● Task description: For the material below, output exactly the span from the line with "米兰体育官方登录入口-包含老鹰客场取胜森林狼，三名球员砍下+得分的词条" to the line with "n° 922 - Timbre Monaco Poste", including both, and nothing besides.

● Input data:
---

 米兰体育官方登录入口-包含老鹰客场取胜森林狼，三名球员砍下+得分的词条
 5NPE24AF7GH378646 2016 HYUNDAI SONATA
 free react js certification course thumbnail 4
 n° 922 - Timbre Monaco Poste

---

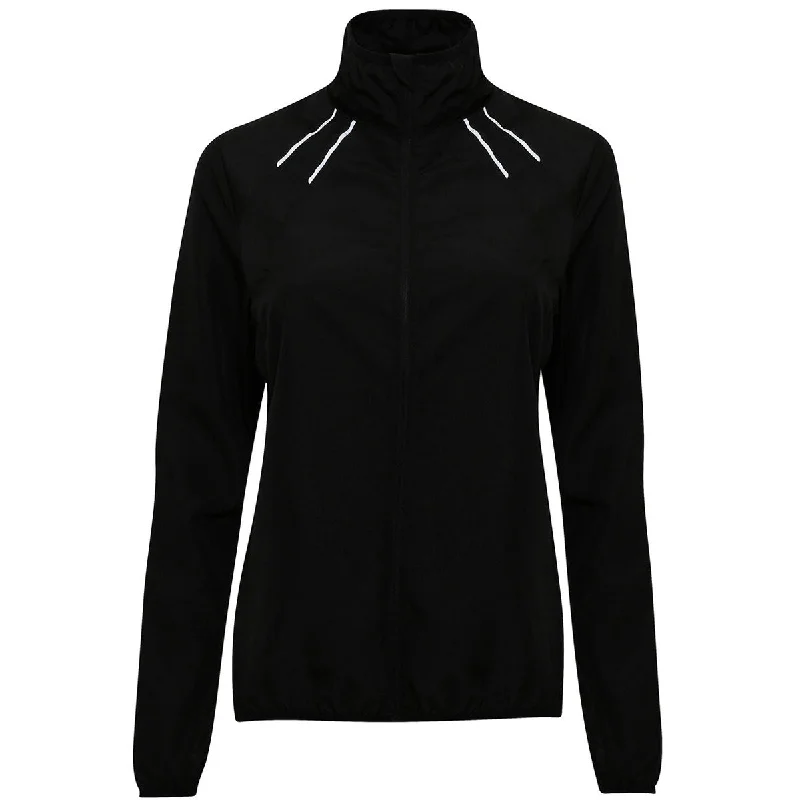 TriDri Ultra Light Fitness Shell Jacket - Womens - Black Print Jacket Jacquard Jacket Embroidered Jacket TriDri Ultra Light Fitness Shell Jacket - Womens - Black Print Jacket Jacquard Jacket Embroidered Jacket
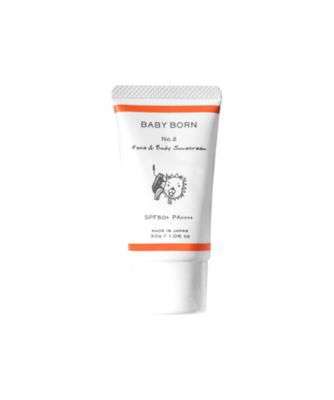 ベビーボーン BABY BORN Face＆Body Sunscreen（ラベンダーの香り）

---

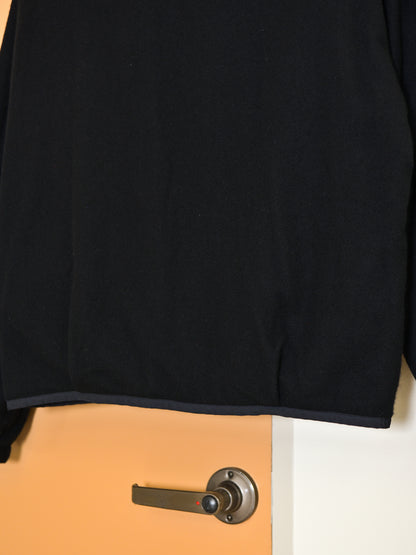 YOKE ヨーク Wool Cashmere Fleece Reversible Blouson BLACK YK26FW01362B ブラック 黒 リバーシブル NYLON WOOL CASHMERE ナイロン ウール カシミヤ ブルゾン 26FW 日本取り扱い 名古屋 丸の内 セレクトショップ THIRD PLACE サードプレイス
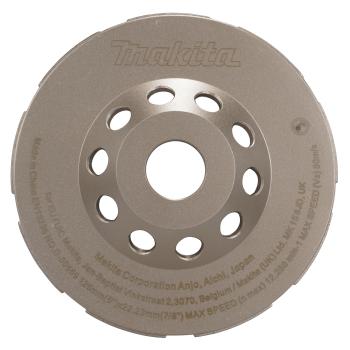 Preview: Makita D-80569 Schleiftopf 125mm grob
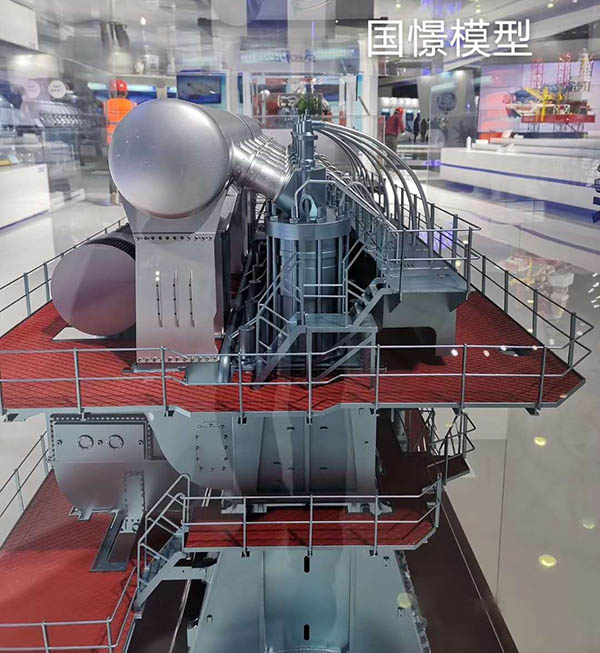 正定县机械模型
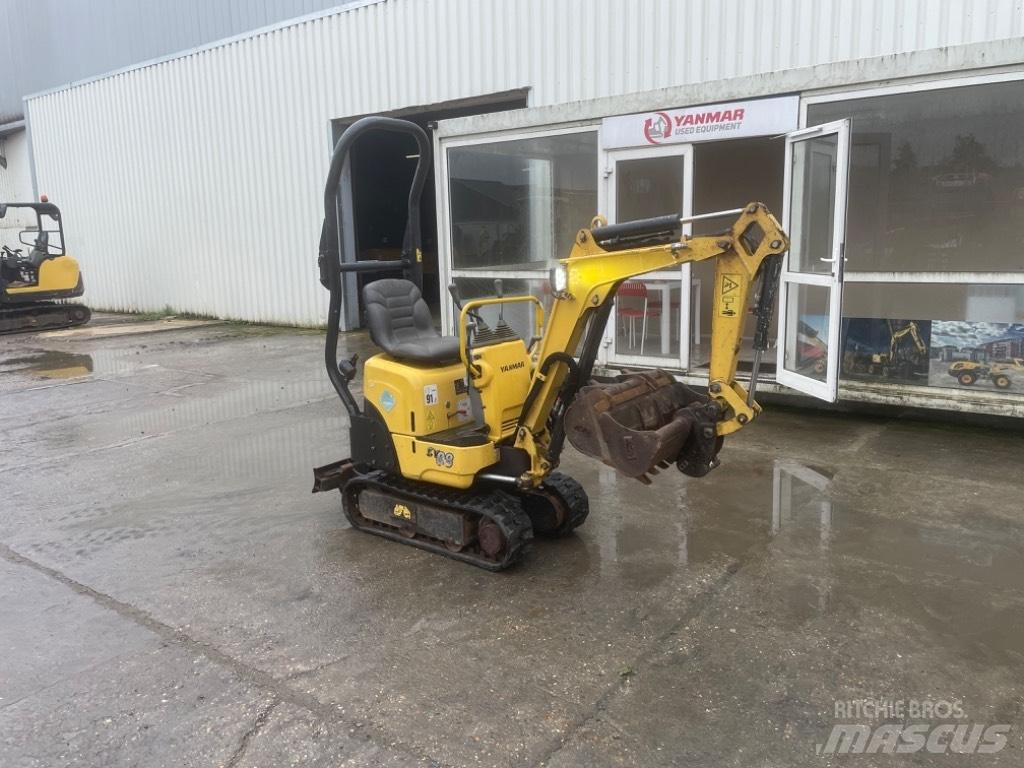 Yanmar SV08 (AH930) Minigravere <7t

---

● Written answer:
 米兰体育官方登录入口-包含老鹰客场取胜森林狼，三名球员砍下+得分的词条
 5NPE24AF7GH378646 2016 HYUNDAI SONATA
 free react js certification course thumbnail 4
 n° 922 - Timbre Monaco Poste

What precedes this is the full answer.